La scrittura (di David Altman, Tom Brooke e David Selle, quest’ultimo già al lavoro in “Rise of the Dragon”) si assesta su livelli medi grazie soprattutto a un’ironia generalmente riuscita e ai confronti fra protagonisti. Sebbene la direzione della trama resti fondamentalmente prevedibile lungo tutta la sua durata, sono assenti le cadute di tono che erano invece riscontrabili nel titolo precedente. Si tratta naturalmente di un intreccio di poche pretese e mai davvero entusiasmante, ma appare piacevole nella sua semplicità.
L’ambiente esplorabile, contrariamente a quanto avveniva in “Rise of the Dragon”, è sempre estremamente ridotto, e l’avventura procede proponendo sezioni a camere stagne: in compenso, però, la storia non è ambientata in una sola città ma propone diversi spostamenti in località esotiche in linea con il contesto avventuroso.
Da lodare lo sforzo grafico, che questa volta può contare su attori in carne e ossa (ritratti attraverso ‘frame’ fotografici): sebbene per motivi di budget gran parte del cast sia stato reclutato fra membri e famigliari del team Dynamix (!), la soluzione appare coraggiosa e in anticipo sui tempi.
Infine, le musiche suonano ben contestualizzate, ma un po’ ripetitive.

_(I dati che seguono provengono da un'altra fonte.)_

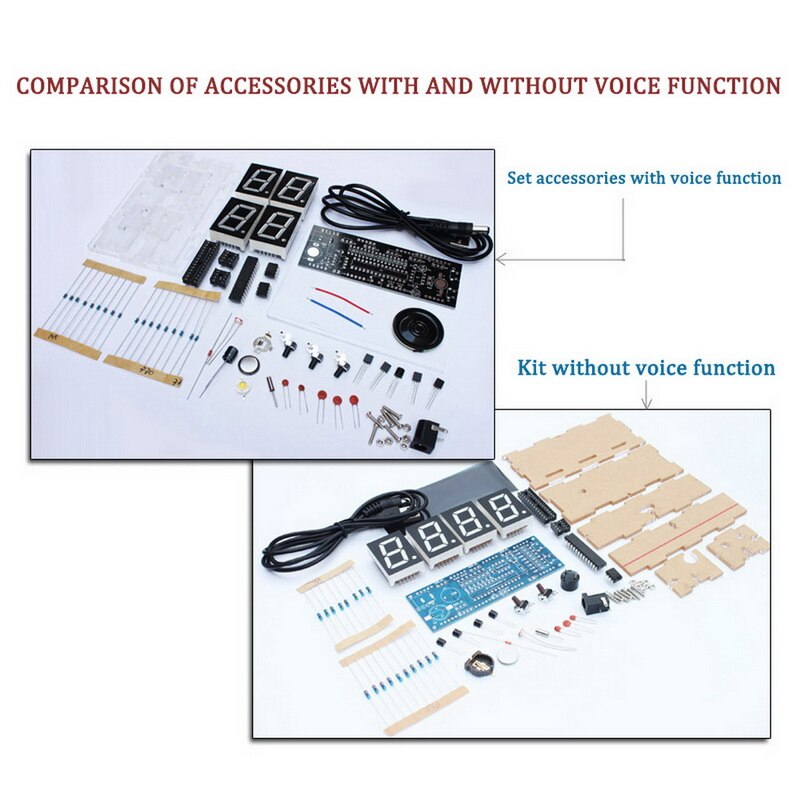Diy Digital Led Clock 4digit Light Control Temperature Date Time Display Transparent Case Indoor Outdoor With Speech Alarm Clock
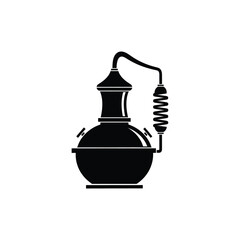 Black silhouette of a distillation apparatus laboratory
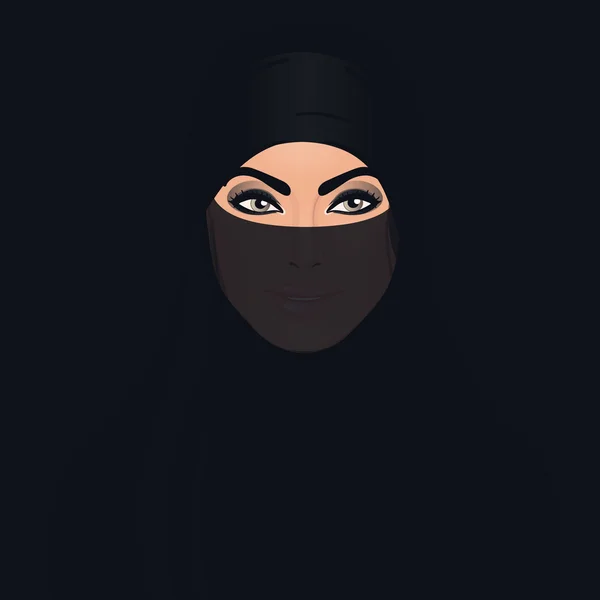 Woman in traditional niqab veil — Stock Vector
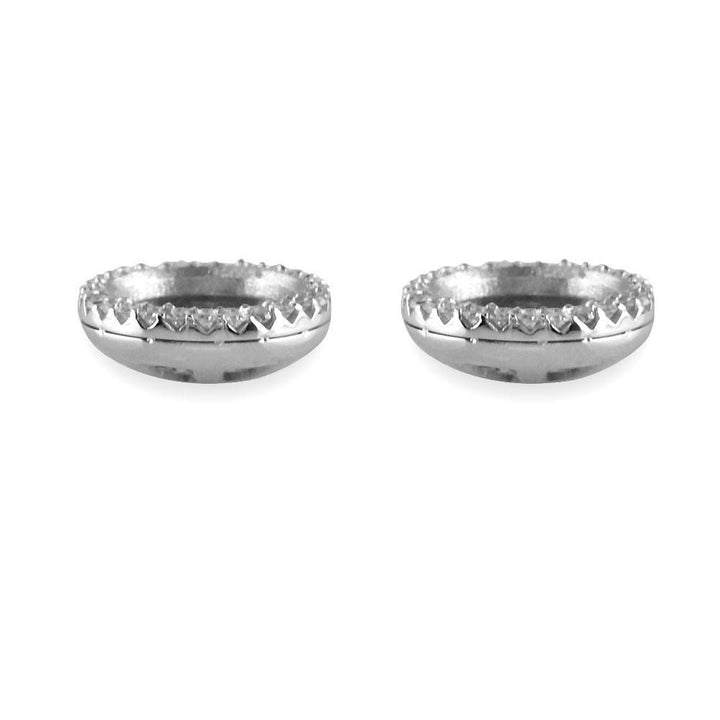 Round Diamond Stud Earring Jackets, 13.2mm in 14k White Gold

Da segnalare anche un paio di sequenze arcade, una delle quali realizzata in un dozzinale – ma avveniristico – full 3D, di difficoltà particolarmente elevata (comunque, è stata inclusa la possibilità di skipparle).
Il secondo film interattivo della Dynamix fissa e amplia l’idea di adventure partorita dagli autori, i quali non rinunciano comunque a un pizzico di ulteriore sperimentazione e a una modifica totale del mood narrativo, rivelandosi uno dei team più interessanti dei primi anni del ’90.
La citazione:
Lucky: Il mio nome è Jake Masters. Tutti mi chiamano ‘Lucky’.
Chi: Che cosa vuoi, Jake Masters?
Lucky: Lucky (= fortunato).
Chi: Questo è tutto da vedere.
Nota: Il gioco è ben emulato da DOSBox.